TORONTO -- The spread of coronavirus variants in Ontario has caused hospital and intensive care admissions to double, and has driven the risk of death up by about 60 percent, says a member of Ontario’s COVID-19 Science Advisory Table.

“It's roughly a 60 per cent increase in hospital admissions associated with new variants, it's roughly a doubling of ICU admissions, and it's roughly 60 per cent… [of] deaths associated with variants,” Peter Juni, who is also a professor of epidemiology and medicine at the University of Toronto, told CTV News Channel. “That’s what we’re seeing.”

His comments come ahead of a briefing note by table members that is expected to be released on Monday.

Those numbers align with figures coming out of United Kingdom and Denmark, said Juni, which both have been hit by the fast-spreading B.1.1.7 variant. A Danish study released in February showed people infected with the variant were hospitalized at a rate 64 per cent higher than other variants.

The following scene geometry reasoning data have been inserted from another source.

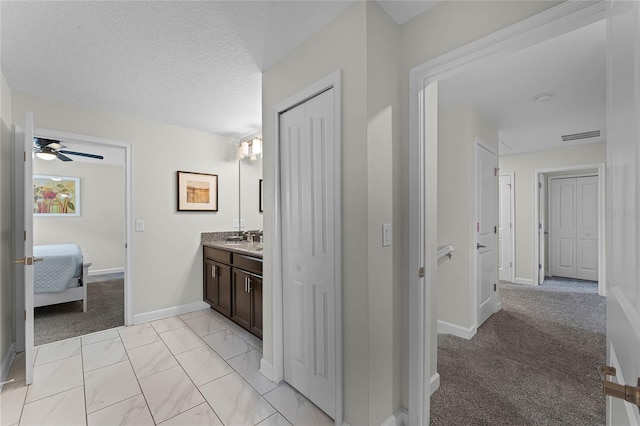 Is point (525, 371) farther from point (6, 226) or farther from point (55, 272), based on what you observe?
point (55, 272)

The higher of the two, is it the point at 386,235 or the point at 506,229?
the point at 386,235

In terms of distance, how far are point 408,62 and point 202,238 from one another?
10.4 ft

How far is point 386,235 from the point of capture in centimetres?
152

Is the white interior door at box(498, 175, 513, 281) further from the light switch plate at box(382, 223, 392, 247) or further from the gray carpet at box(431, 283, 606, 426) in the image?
the light switch plate at box(382, 223, 392, 247)

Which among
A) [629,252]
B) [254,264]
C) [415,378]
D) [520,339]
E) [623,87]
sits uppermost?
[623,87]

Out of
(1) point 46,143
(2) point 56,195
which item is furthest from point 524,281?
(2) point 56,195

“What Ontario sees right now is entirely consistent with international experience,” Juni said.

B.I.I.7 is now believed to be the dominant strain of COVID-19 in Ontario, which reported an additional 2,169 cases on Friday and a seven-day rolling average of 1,855, up from 1,480 the previous week. The province has also seen a rise in hospitalizations.

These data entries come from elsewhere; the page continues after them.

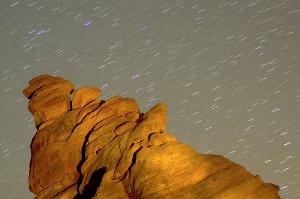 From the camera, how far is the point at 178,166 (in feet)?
80.3

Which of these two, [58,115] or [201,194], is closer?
[201,194]

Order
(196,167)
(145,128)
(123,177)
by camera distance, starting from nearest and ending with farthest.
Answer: (196,167), (123,177), (145,128)

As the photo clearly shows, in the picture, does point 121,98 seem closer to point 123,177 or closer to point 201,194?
point 123,177

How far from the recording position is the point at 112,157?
93.4ft

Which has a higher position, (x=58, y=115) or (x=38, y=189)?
(x=58, y=115)

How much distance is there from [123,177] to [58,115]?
13.6m

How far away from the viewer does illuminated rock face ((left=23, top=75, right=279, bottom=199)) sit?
23.7 m

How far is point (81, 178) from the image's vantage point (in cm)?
3189

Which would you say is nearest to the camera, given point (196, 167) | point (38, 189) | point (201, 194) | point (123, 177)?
point (201, 194)

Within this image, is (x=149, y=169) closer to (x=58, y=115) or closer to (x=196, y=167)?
(x=196, y=167)

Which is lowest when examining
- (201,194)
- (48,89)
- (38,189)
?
(38,189)

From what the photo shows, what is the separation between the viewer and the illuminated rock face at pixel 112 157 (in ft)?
77.8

According to CTVNews.ca's COVID-19 case tracking data, Canada has reported 22,809 COVID-19 deaths out of 954,700 total cases to date.

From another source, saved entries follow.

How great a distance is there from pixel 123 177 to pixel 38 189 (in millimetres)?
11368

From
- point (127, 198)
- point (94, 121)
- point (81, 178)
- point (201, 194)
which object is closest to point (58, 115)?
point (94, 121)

The rise of the deadlier variant comes as Canadians are increasingly dealing with the stress of a full year of pandemic vigilance. The pace of vaccinations, meanwhile, has frustrated many Canadians, with just 13 per cent of the population having received at least one dose to date, a figure that lags many other countries.

Juni stressed the need to maintain proper distancing and masking measures until the vaccine can be distributed more widely.

“It’s important now that we let go of the notion that the vaccines will just, you know, save us now,” he said. “We did the right thing a year ago. Right now, we can also start to leverage the good weather, go out, and but be safe outside. It means we need to distance.”

Canada is set to receive large shipments of vaccines next week, including 1.5 million AstraZeneca doses from a dose-sharing deal with the United States and 1.2 million doses from Pfizer-BioNTech. But Juni said the public must continue to be vigilant about their behavior.

“If every single resident of the province does this for several weeks, we’ll get this thing under control. The problem is people let it slip,” he said.